→ **WHAT IS EXPECTED**: From the entries below, return only the lines starting at the one that contains "Новият Ford Focus" and ending at the one that contains "Juan Carlos té", exactly as they stand.

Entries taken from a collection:

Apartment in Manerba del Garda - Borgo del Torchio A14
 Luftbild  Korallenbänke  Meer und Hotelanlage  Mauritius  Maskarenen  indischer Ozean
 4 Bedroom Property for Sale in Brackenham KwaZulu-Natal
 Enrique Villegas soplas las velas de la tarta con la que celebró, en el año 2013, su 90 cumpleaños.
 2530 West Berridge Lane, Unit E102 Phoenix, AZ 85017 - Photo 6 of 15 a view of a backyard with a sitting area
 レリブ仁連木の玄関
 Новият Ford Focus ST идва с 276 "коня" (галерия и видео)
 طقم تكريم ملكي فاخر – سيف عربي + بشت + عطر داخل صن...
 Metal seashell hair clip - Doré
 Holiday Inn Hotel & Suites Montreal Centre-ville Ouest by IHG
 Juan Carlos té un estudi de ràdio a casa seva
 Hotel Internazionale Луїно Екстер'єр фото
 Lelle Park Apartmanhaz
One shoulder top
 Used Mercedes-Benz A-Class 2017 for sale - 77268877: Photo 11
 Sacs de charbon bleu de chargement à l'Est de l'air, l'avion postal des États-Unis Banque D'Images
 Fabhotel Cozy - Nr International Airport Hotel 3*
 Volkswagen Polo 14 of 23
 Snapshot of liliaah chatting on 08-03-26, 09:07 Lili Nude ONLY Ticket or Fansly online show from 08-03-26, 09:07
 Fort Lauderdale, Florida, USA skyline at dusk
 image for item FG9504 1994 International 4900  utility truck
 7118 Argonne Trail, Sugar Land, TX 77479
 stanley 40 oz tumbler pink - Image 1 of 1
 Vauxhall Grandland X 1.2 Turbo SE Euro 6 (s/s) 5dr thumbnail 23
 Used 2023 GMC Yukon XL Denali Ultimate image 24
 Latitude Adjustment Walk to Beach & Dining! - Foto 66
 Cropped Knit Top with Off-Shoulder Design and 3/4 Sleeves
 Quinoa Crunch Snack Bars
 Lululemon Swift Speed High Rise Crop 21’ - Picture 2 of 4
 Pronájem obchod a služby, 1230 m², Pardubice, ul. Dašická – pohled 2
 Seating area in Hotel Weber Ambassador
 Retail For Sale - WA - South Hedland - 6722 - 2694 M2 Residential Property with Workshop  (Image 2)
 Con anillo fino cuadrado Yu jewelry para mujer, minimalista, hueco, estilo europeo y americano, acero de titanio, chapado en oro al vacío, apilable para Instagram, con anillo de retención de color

→ **OUTPUT OF THE TASK**:
 Новият Ford Focus ST идва с 276 "коня" (галерия и видео)
 طقم تكريم ملكي فاخر – سيف عربي + بشت + عطر داخل صن...
 Metal seashell hair clip - Doré
 Holiday Inn Hotel & Suites Montreal Centre-ville Ouest by IHG
 Juan Carlos té un estudi de ràdio a casa seva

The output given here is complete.